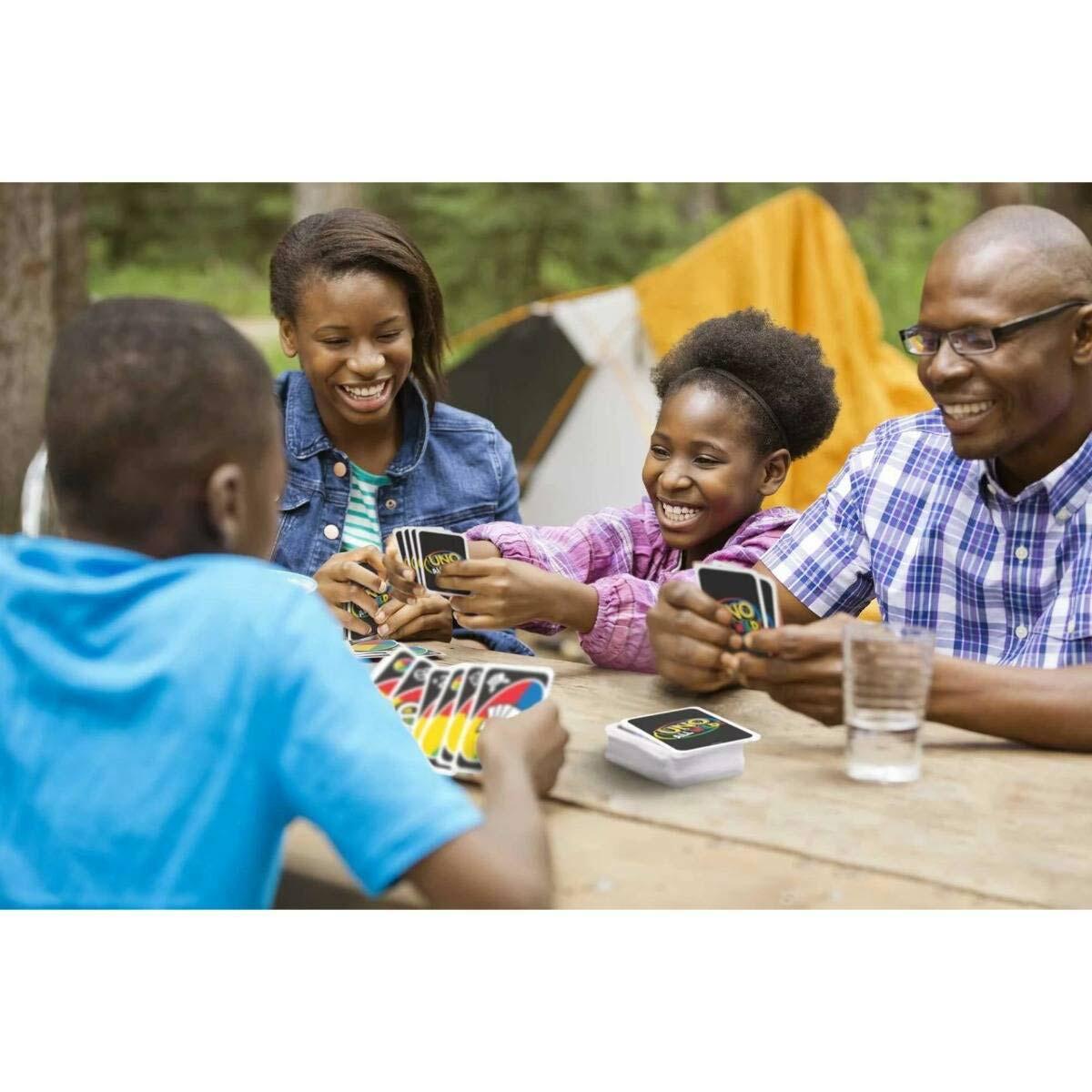 UNO All Wild™ Kart Oyunu | Tamamı Joker Kartlı Eğlenceli Aile Oyunu | Mattel Özel Seri Joker UNO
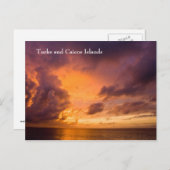 Sunset Briefkaart 02 (Voorkant / Achterkant)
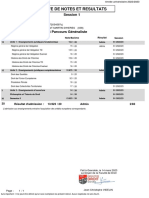 Résultats S5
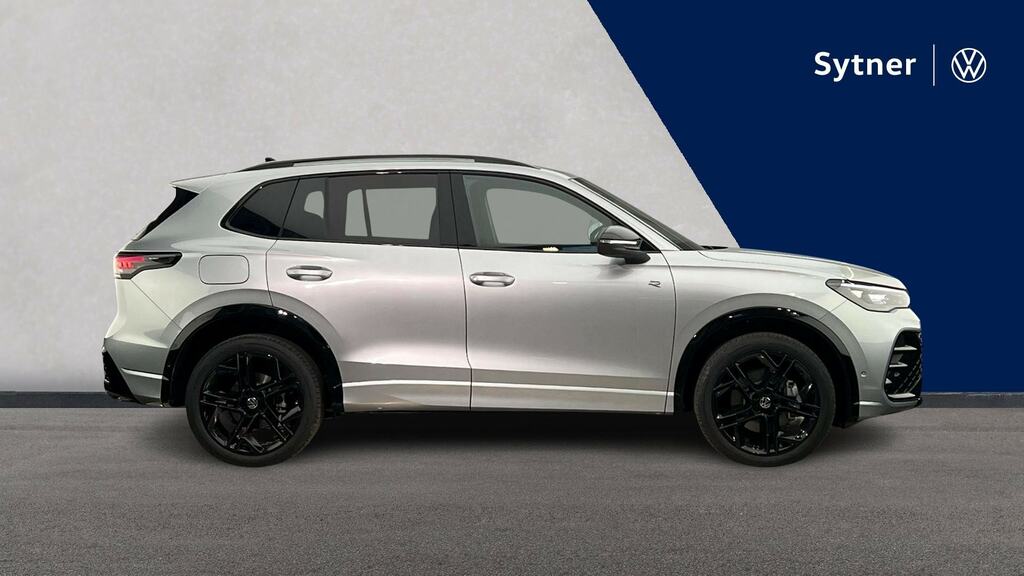 Volkswagen Tiguan 1.5 Tsi Ehybrid R-line Dsg CX26LFW Silver #4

_What the task asks_. Where an image appears in the data, skip it, and return the rest verbatim.

_Your response_.
 UNO All Wild™ Kart Oyunu | Tamamı Joker Kartlı Eğlenceli Aile Oyunu | Mattel Özel Seri Joker UNO
 Sunset Briefkaart 02 (Voorkant / Achterkant)
 Résultats S5
 Volkswagen Tiguan 1.5 Tsi Ehybrid R-line Dsg CX26LFW Silver #4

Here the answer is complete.